Former NFL player and Assistant Coach Sherman Smith gave the keynote address at the annual luncheon. 

From left, Salvation Army board member Phil Pindzola, Food City’s Molly Austin, Salvation Army Commanding Officer Lt. Antwan Yocum, keynote speaker Sherman Smith and master of ceremonies Kasey Marler chat before the start of the 23rd annual Salvation Army Souper Bowl for the Hungry inside the ballroom of the Holiday Inn in Johnson City last Friday. PHOTOS BY DAVE ONGIE
By Dave Ongie, News Editor

Sherman Smith made his mark as a hard-hitting running back for the Seattle Seahawks during a seven-year playing career.
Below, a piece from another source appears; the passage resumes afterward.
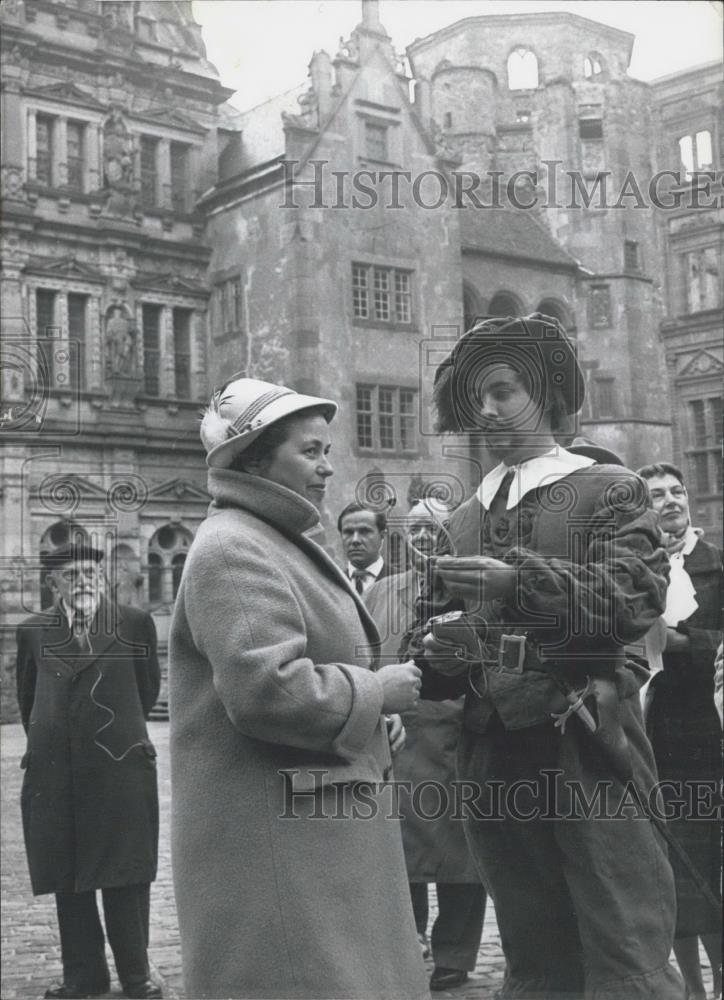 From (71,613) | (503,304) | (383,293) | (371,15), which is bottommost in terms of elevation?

He went on to become an assistant coach in the league, helping mold Eddie George into All-Pro running back for the Tennessee Titans before returning to the Seahawks, where he was part of the coaching staff that led Seattle to the 2014 Super Bowl title.
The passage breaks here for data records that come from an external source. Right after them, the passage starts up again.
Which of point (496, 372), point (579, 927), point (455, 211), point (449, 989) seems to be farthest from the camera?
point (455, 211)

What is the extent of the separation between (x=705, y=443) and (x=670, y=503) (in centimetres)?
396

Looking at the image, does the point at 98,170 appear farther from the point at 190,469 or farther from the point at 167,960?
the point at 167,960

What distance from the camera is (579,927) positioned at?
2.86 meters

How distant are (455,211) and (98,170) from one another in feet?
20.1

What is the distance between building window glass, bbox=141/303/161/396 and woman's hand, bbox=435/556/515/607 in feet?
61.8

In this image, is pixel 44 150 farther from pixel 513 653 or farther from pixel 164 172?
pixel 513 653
Last Friday, the man nicknamed “Tank” was in Johnson City to make a different kind of impact as he served as the keynote speaker during the Salvation Army’s annual Souper Bowl for the Hungry event. Instead of running over defenders, Smith imparted words of wisdom and encouragement to the crowd that packed the ballroom at the Holiday Inn.

Former NFL player and Assistant Coach Sherman Smith gave the keynote address at the annual luncheon. 
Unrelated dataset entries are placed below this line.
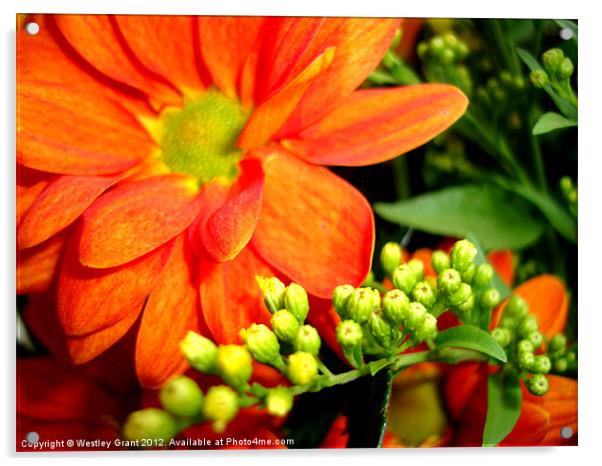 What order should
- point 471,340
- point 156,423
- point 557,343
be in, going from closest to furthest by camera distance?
1. point 156,423
2. point 471,340
3. point 557,343

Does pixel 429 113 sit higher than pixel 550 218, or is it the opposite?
pixel 429 113

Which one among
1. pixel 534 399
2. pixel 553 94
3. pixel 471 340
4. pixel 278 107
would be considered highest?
pixel 278 107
The event raised around $25,000 for the local Salvation Army, money that will go towards helping those in need in our community.

Smith told those in attendance that he wanted to go into coaching first and foremost to help people. In recent years, he has taken joy in watching NFL players he coached pay it forward to the NFL stars of today.

George is a prime example. The former Heisman Trophy winner at Ohio State blossomed into a star under Smith’s tutelage. Now retired, George has mentored current Tennessee running back Derrick Henry, who helped the Titans reach the AFC championship game this season.

“It shows you the type of person that Eddie is,” Smith said. “He wants to share with Derrick the same conversations (we had) when I was coaching him.”